My mom politely got dad a beer the first time but after a while she just raised an eyebrow at Papa. Some readers are freaking out already OH MY GIRAFFE your family drinks? Others are freaking out because we are SUPPOSED to serve our husbands, How dare she just not serve him.
Mom was unwilling to let their relationship become fractured by imitated bad behavior. They had a "discussion" afterward where they worked out this kink in their relationship. I always witnessed my father loving my mother. Even if he had to make a unilateral decision that was unpopular she was always willing to follow because her leader LOVED her. Every night my Father prayed with and read to her, either the bible or a book by Watchman Nee. (I can see my dad was doing that whole washing her in the word bit that is one of the commands Ephesians 5: that comes after wives submit). I'd be curious to know how many men that are adamant about the wife submitting, are reading the bible to their wives daily?
Ever notice how in Ephesians 5 the man is commanded to love his wife... 3 times... Tho this is not a "command" the wife is told to do... instead "respect your husbands" seems to to be the hot button for the ladies. Each of these things show me Paul understood the deep needs of men and women in relationships.
I witnessed day in and day out a relationship based on mutual trust, respect, and love. Did they always get along? No... who does? Yet I had this wonderful yardstick to measure my marriage by. My parents have been married for over 50 years and they are still going strong.
I have to admit the whole stress on submission here at GFA really helped my husband step up and take the reigns back from me, which was a relief. Early on I had decided I didn't like the fact that no one was holding the reigns and the horses were just carrying us where ever they felt like taking us. I wanted a more directed life. I kept trying to hand the reigns back to the head of the house but he didn't always want them. Yet at one point in our career at Gospel for Asia My knight and I hit a road block. It seemed that every time we would be getting ready to go out he would be giving me talking points. Not what to say but rather what not to say and asking me to change my carefully chosen outfit to one he preferred. He condemned my parenting style. He was so wrapped up in how we looked to others.

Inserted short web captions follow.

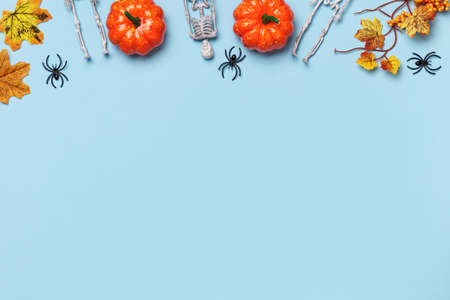Halloween composition. Decor items on a blue background. Pumpkin spider skeletonsの写真素材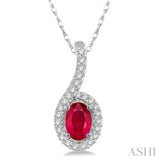 Oval Shape Gemstone & Diamond Pendant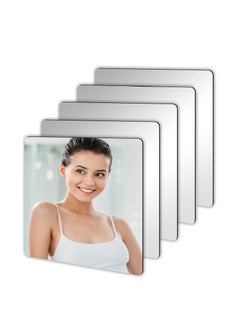 5-Piece Acrylic Stick on Mirror Flexible Self Adhesive Mirror High Clear Frameless Mirror Stickers Wall Mirrors for Bedrooms Bathroom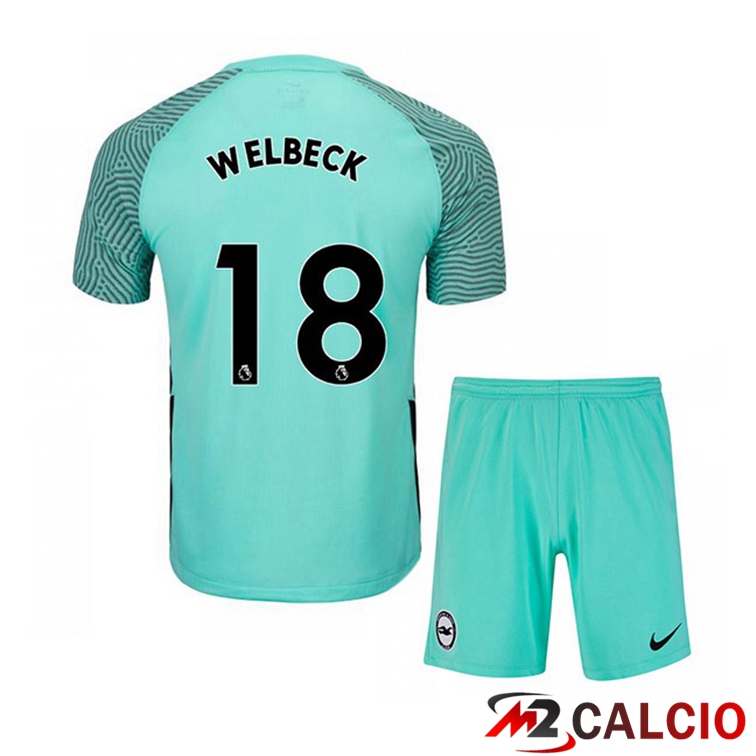 Maglie Calcio Personalizzate,Tute Calcio Squadre,Maglia Nazionale Italiana Calcio | Maglia Brentford FC (WELBECK 18) Bambino Seconda Verde 2021/22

It created so much undue stress in our marriage. At one point he started to resort to rules of what I could and could not; do, say, wear. This behavior on his part led me down a road of suffering, (Is this what suffering for the kingdom is supposed to look like?) I was hurt. I knew what a great marriage looked like, we had one, but ours was loosing that flavor of mutual trust and respect with love holding it together. It seemed the more I submitted, the more he expected me to be his floor mat. Well folks I'm not a floor mat, I don't like confrontation, but I will do it. So a few years into the whole "Yes sir, how high? life" I calmly pointed out to him somewhere along the line he had stopped trusting me. When he failed to hear what I was saying I pointed it out a bit more forcefully.
I can still remember the day I stood there yelling my head off, tears streaming down my cheeks saying "When you tell me what to say, it means you do not trust me. Why don't you trust me! You used to trust me!" This from his "meek" "mild" wife... A look of shock and surprise engulfed his face, I could see his spirit had been checked. Gradually over time with our focus on Christs' choices for our life we got back on track. I stopped checking with him for every decision, he stopped telling me what I said right and what I said wrong at social events. In-fact now we act as each others interpreter "What s/he meant to say is this..."
My husband shares so much of his life and inner thoughts and feeling with me now, and it is mutual. Trust flows, respect grows and love abounds. He's a keeper.
Should I have submitted to all his rules and more rules and more rules? Would that have stopped the cycle? Can a woman continually submitting and yet being told to submit more, weighed down by rules have joy? Don't get me wrong; handing over the reigns of authority was so freeing. Yet we lost our way for a while and it hurt our marriage. GFA has been accused of taking Spiritual Authority to an extreme, the whole Hyper headship/ Hyper submission. Do I blame GFA for it's teachings on submission to authority for these issues in our marriage? To some extent I do, I also blame ourselves for being willing to follow blindly... it was a form of idolatry, I thought "these are spiritual giants! Missionaries with a vision from God to reach the lost at any cost!" I'm not sure I can follow that core value anymore. It's cute, catchy and, it rhymes but what is the true meaning? I have seen families fall apart because we are reaching the lost at any cost. What is that cost? Divorce in some cases, the cost of trauma to the children in those marriages. I really had to ask myself "Is this what God desires?"
I'm not a spiritual giant, and in-fact no one on earth is a spiritual giant. We are all humans that sin. I do not desire my husband to be an Adoniram Judson, willing to bury 3 wives. When I read that story out loud to my husband one road trip, part of me was horrified, It appeared these woman were expendable, the man in the story praised to the hilt for his willingness to do anything, even watch his wives and children die one after another. It felt so Machiavellian. It made me question is that what God desires for me, to be cast away, if I get in the way? I know these ladies went willingly I guess I'm just not there in my journey.
I do serve my husband and you know what? He also serves me. He can tell me to turn the volume down on my attitude and I can do the same to him. We are in harmony* not in unison. We are singing this marriage song together in the voices God gave us. I'm not singing exactly like him, or in the exact way he tells me to. Instead we sing in harmony blending our gifts, our strengths and weaknesses to have a solid marriage that will withstand the storms of ministry and time.
*thanks Pastor Ray Viola for this image!